CRD calls on the international human rights community not to shy away, in the face of charges that someone is injuring China’s national pride, from scrutinizing China’s human rights behavior. The international community does the Chinese people good service by holding their government accountable for its promises to improve human rights and protect freedom of expression. Only when these rights and freedoms are respected will it be possible to secure the rights of citizens or private property owners who are forced into eviction or re-location in order to make way for the Games, the rights of migrant laborers who are working on unfair terms to construct facilities for the Games, the freedom of journalists, Chinese or foreign, to report on conditions leading up to and during the Games, and freedom of movement of Chinese citizens inside China or overseas, who wish to go to Beijing to watch the Games.

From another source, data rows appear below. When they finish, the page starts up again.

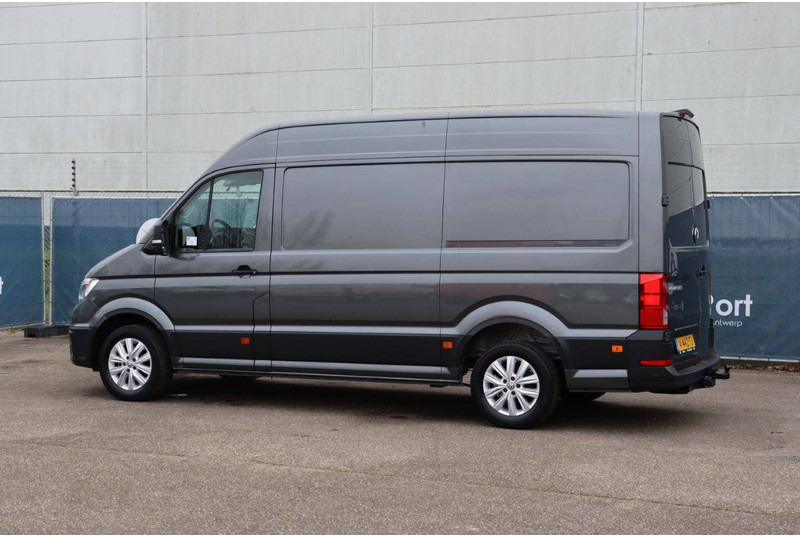 Volkswagen Crafter - Panel van: picture 4 Volkswagen Crafter - Panel van: picture 4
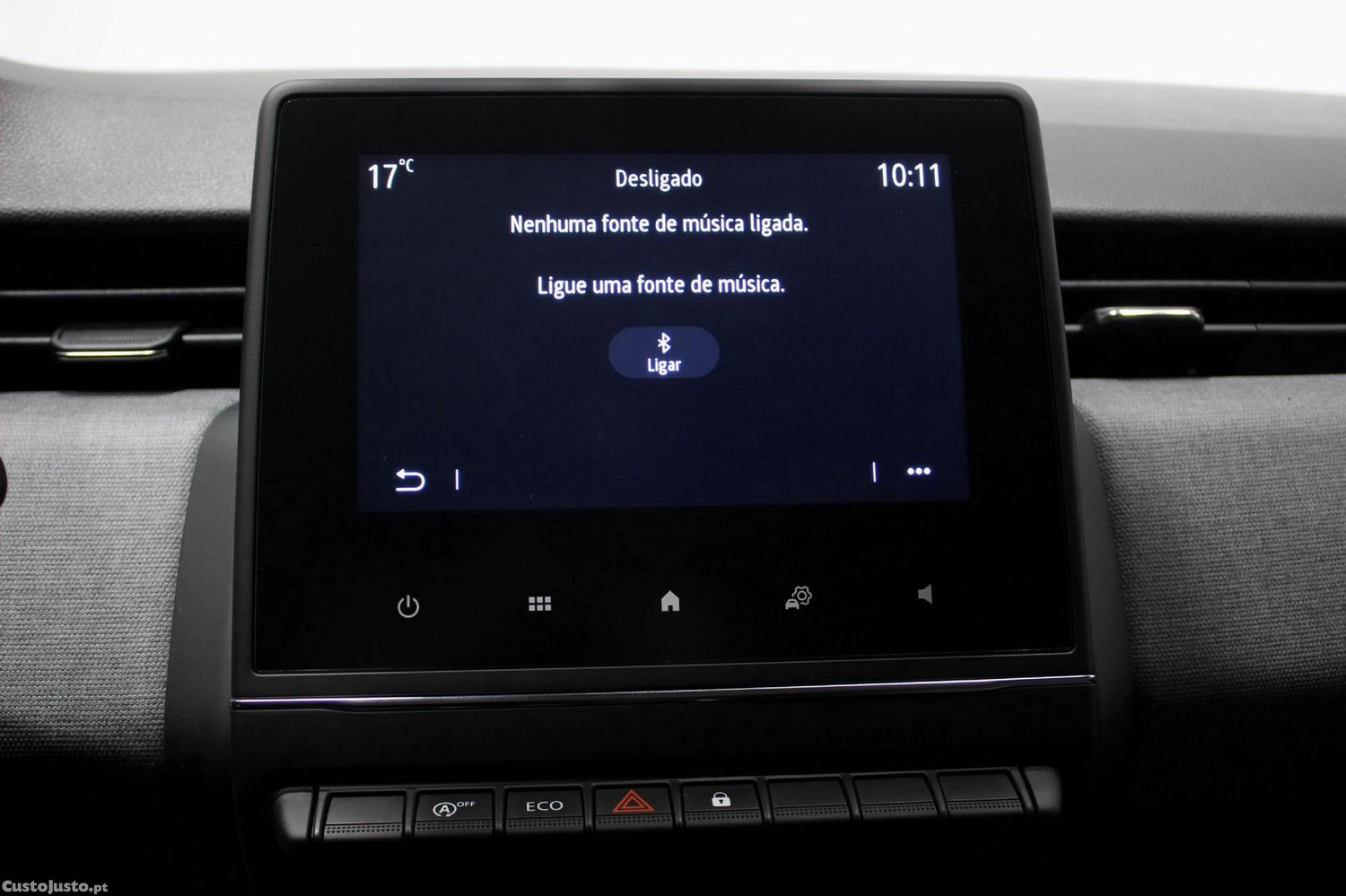 Renault Clio 1.0 TCe Evolution Bi-Fuel — fotografia 8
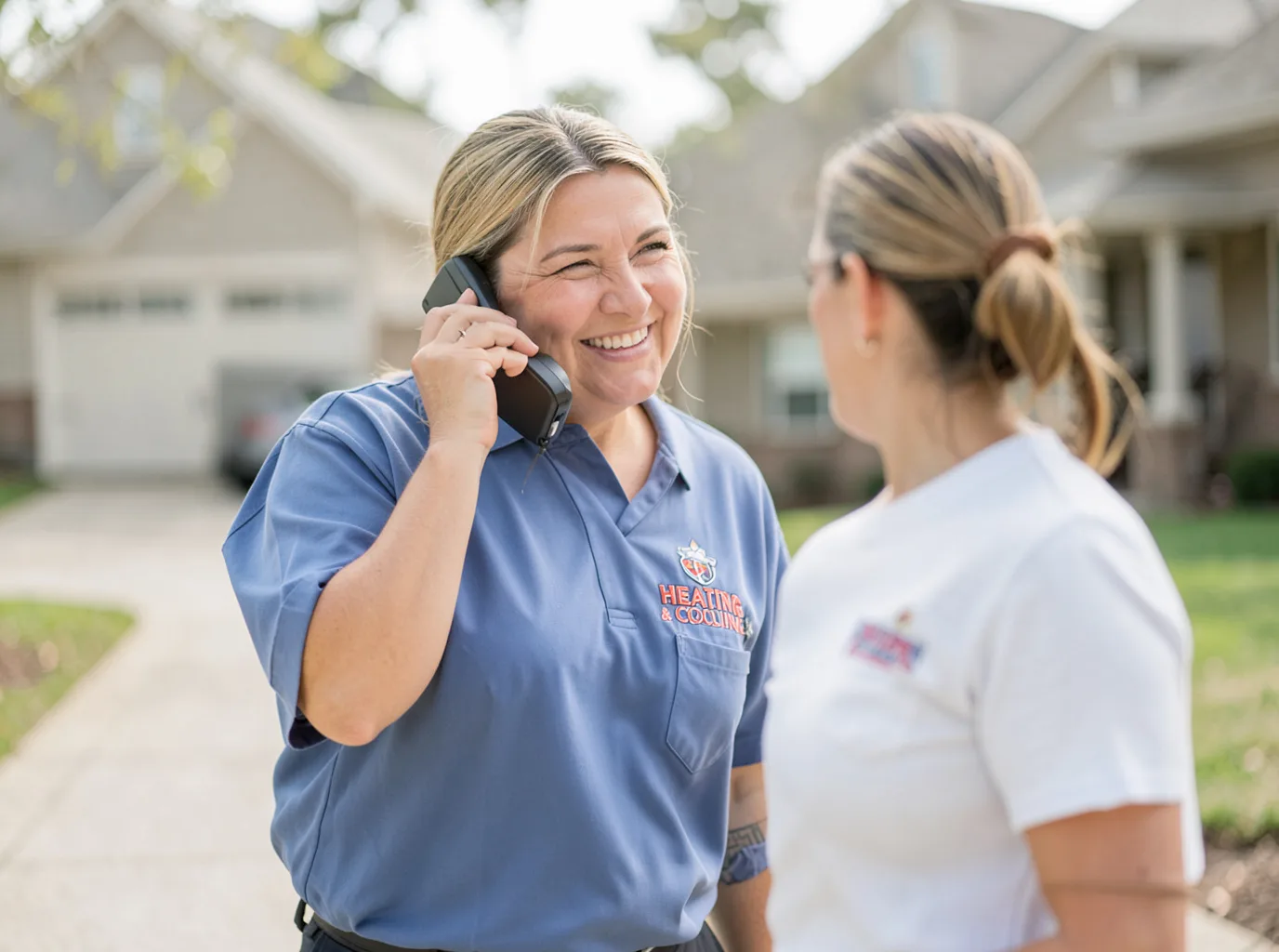 Hvac Repair Summerville, GA FAQs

We urge the Chinese authorities to stop immediately the various forms of harassment of human rights defenders. In particular, we call for:

–The release of Chen Guangcheng, who has been illegally put under house arrest, detained, and unfairly tried and convicted;

–The release of Gao Zhisheng;

–An end to illegal surveillance of activists’ families and residences; and

–Effective steps to guarantee freedom of press and expression.

A “harmonious society,” which the government claims to aspire to, and in the name of which it has carried out its crackdown, will be impossible without social justice, and social justice will be impossible without protections for freedom of expression and rule of law.

At the same time we call on fellow citizens to speak up peacefully about and seek legal remedy for government officials’ unconstitutional and criminal activities. A country governed outside the rule of law puts at risk everyone’s fundamental rights and interests. Only when Chinese citizens actively participate in protecting and pushing for their human rights will it be possible to build a “harmonious” society based on justice and respect for human dignity.